Task | Word for word, return the lines from the start of the entries below through the line that has "Narrow Dresser with".
(Source material begins)
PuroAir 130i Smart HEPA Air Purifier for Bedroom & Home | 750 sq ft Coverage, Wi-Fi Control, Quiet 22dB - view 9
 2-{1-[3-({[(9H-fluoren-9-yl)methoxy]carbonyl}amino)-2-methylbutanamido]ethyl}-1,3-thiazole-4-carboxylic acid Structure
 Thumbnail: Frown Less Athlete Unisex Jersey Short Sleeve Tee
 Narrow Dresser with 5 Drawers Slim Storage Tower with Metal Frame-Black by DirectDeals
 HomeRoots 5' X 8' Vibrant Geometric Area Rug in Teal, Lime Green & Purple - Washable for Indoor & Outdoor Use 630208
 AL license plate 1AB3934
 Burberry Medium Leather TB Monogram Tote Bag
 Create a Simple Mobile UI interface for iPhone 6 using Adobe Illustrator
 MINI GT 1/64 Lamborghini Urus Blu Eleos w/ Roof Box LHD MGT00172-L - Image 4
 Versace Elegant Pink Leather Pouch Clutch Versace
(Source material ends)
Written response |
PuroAir 130i Smart HEPA Air Purifier for Bedroom & Home | 750 sq ft Coverage, Wi-Fi Control, Quiet 22dB - view 9
 2-{1-[3-({[(9H-fluoren-9-yl)methoxy]carbonyl}amino)-2-methylbutanamido]ethyl}-1,3-thiazole-4-carboxylic acid Structure
 Thumbnail: Frown Less Athlete Unisex Jersey Short Sleeve Tee
 Narrow Dresser with 5 Drawers Slim Storage Tower with Metal Frame-Black by DirectDeals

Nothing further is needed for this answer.